Segment Start: Data for the task
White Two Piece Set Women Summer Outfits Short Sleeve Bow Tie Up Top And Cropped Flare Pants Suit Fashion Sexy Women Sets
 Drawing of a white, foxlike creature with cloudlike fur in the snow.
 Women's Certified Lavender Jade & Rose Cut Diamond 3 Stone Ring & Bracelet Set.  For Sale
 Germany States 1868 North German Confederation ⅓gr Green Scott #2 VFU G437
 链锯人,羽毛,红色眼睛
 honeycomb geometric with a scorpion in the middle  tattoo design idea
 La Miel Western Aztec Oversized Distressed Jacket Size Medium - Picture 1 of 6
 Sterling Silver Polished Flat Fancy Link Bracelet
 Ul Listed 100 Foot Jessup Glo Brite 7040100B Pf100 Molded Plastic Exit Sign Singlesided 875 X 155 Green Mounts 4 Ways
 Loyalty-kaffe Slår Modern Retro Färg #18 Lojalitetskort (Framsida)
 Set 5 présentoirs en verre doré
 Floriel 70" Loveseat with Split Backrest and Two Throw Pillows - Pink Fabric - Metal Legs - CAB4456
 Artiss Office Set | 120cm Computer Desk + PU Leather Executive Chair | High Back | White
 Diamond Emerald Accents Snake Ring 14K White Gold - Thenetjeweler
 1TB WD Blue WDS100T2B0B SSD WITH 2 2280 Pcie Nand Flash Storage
Segment End: Data for the task
Copy exactly the lines that run from the one with "Artiss Office Set" to the last line of the material, including both.

 Artiss Office Set | 120cm Computer Desk + PU Leather Executive Chair | High Back | White
 Diamond Emerald Accents Snake Ring 14K White Gold - Thenetjeweler
 1TB WD Blue WDS100T2B0B SSD WITH 2 2280 Pcie Nand Flash Storage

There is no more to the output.